La encarnación de la Ternura de Dios

La Navidad es un tiempo propicio para dejar de soñar despiertos y empezar a vivir la cotidianidad en toda su concreción. Y la verdad concreta es que siguen naciendo niños y niñas sin casa, entre guerras, hambre, miseria.
Nuestro buen Dios nos pide que recordemos un momento de la historia de hace 2000 años, para que nos sirva de estímulo para que La Vida que late dentro de cada persona y de la naturaleza, nazca, se desarrolle y alcance su plenitud.
Sí, porque en la vida de Jesús contemplamos la plena encarnación de la Misericordia y la Ternura de Dios.

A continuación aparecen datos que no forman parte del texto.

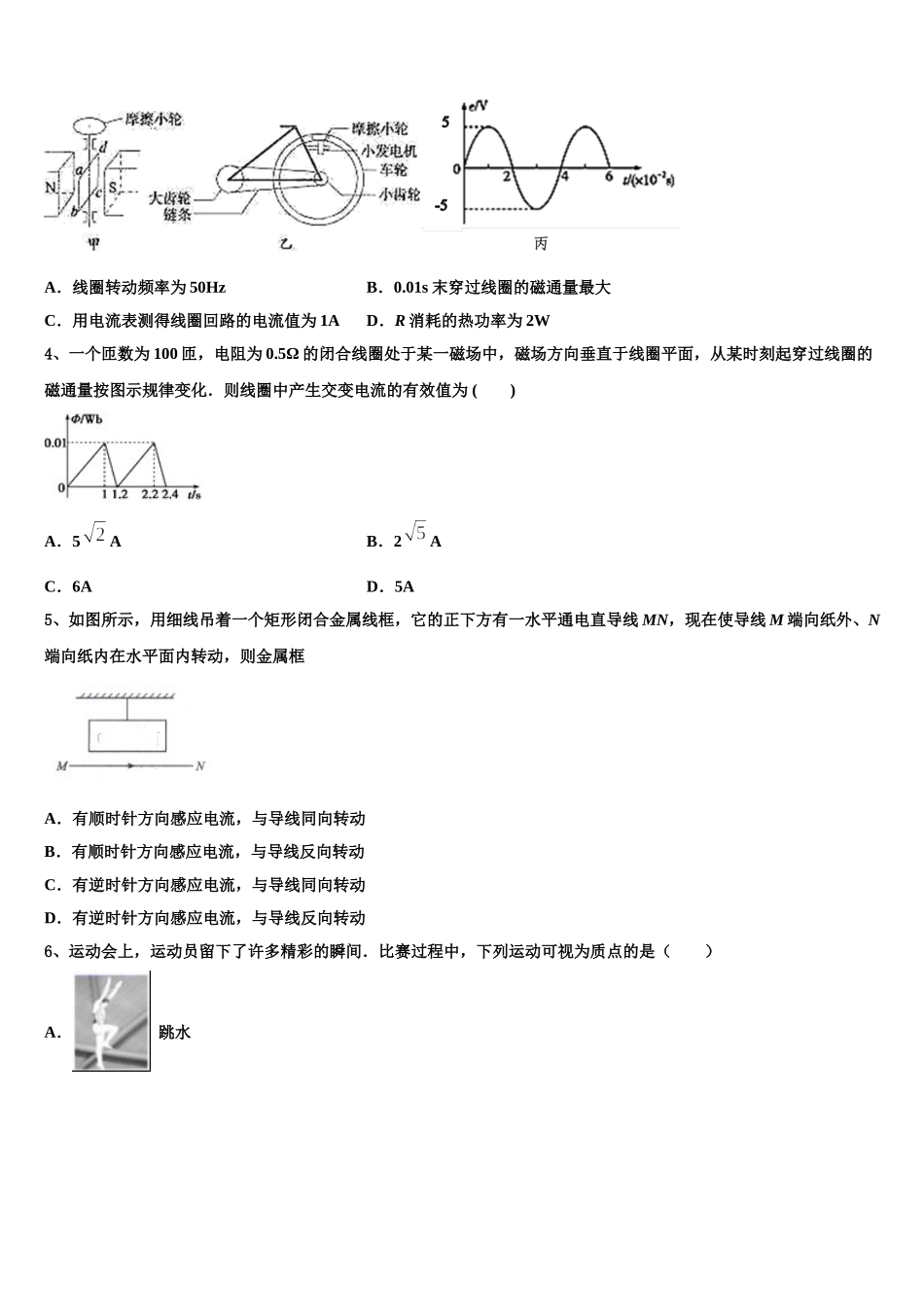 北京市西城区156中学2024-2025学年高二下物理期中考试试题含解析_第2页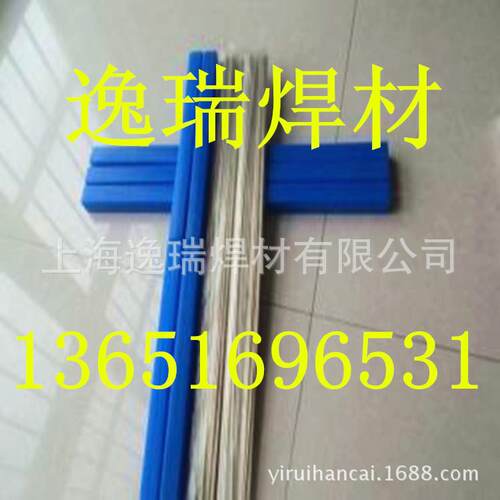 供应斯米克BAg70CuZn银焊条 HL307银焊条 BAg70CuZn银焊丝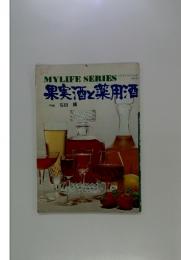 MYLIFE SERIES 果実酒と薬用酒 NO.75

En Él se refleja de forma plena, la bondad que palpita en el interior de cada persona y, a la vez, la indignación y la solidaridad ante cualquier sufrimiento o explotación que sufren los niños y niñas, los hombres y mujeres de nuestro mundo.
Dios se revela en Jesús como un signo concreto ante una realidad mayor: la Divinidad se hace diáfana en lo humano, en cada persona, en todo ser viviente, en el universo que nos rodea.

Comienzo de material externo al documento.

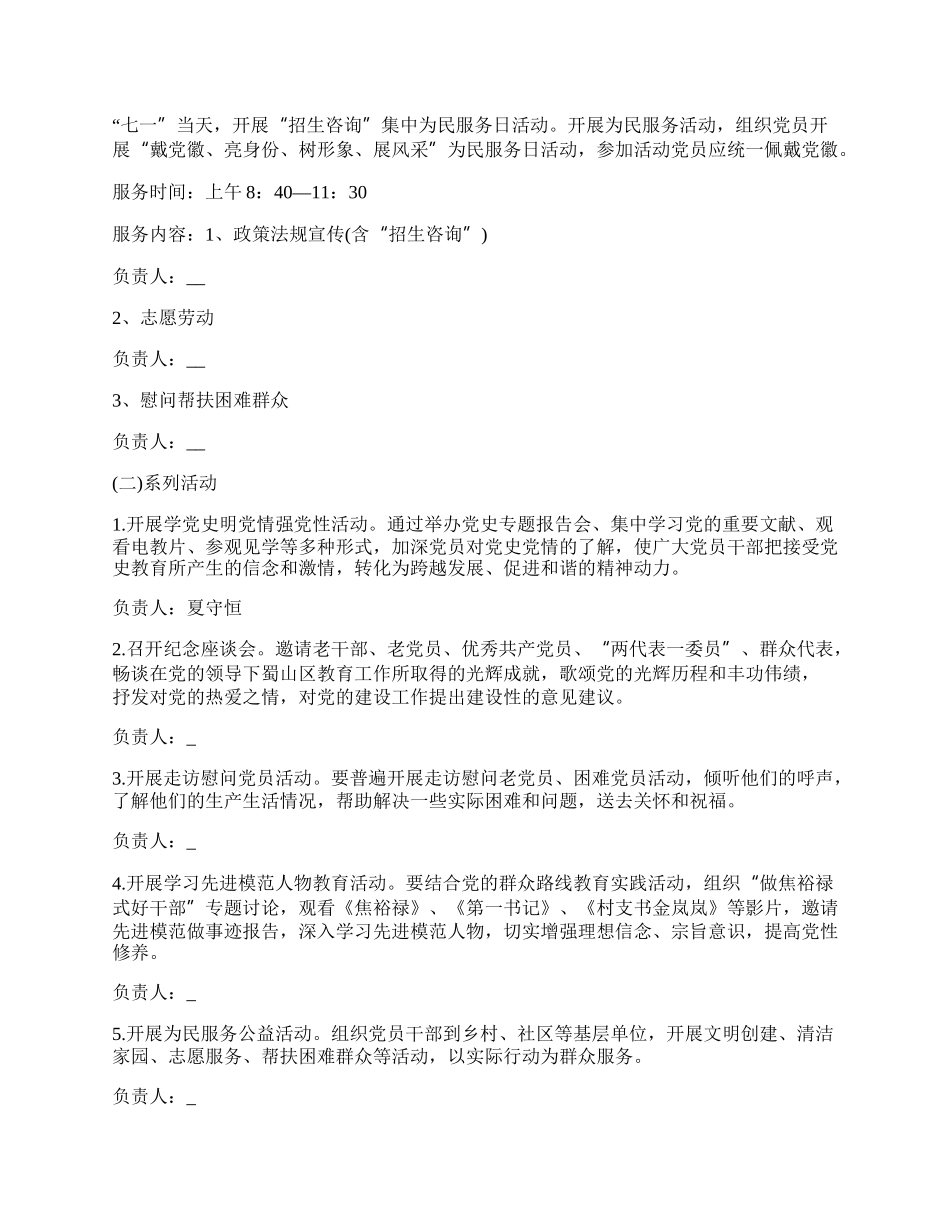 20XX纪念七一建党党员主题活动方案范文.docx_第3页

Así se nos invita a mostrar solidaridad, cercanía, alivio y cuidado ante el niño que nace con hambre, sin vivienda, enfermo, en un ambiente violento, consumista, egoísta. Y en ese niño o niña está representada toda la humanidad sufriente, empobrecida, expoliada y excluida de las grandes decisiones económicas, que imponen las altas esferas políticas de nuestro país y nuestro mundo.
Se nos invita a encontrar en el otro el rostro en el que nos sentimos hermanados y, al mismo tiempo, encontramos reflejada nuestra verdadera identidad.
La contemplación de esta llamada de la Navidad a enfrentarnos a esta dura realidad no debe echarnos para atrás, al contrario, debe alentarnos a seguir esperando, es decir, luchando cada día por la acogida, la tolerancia, la armonía, el diálogo, la justicia, la paz, la fraternidad. Integrando y viviendo de esta forma una espiritualidad no fragmentada, sino integral, llegaremos a vivir una mística de comunión con todos los seres humanos, con los seres vivos, con la naturaleza y el universo.
Pero este compromiso existencial no se puede llevar como una carga, como un deber que nos abruma y angustia. Muy al contrario. El sentir el amor de Dios encarnado en la persona de Jesús, en nuestra propia humanidad y en la de los demás, es motivo de profundo gozo y alegría. La Navidad, la humanización del Manantial de Vida por el que todo existe, es una llamada diaria a salir de nosotros mismos para encontrarnos con lo sorprendente, con la permanente novedad, con todo lo que renace en cada momento y da sentido y vitalidad a nuestra propia vida.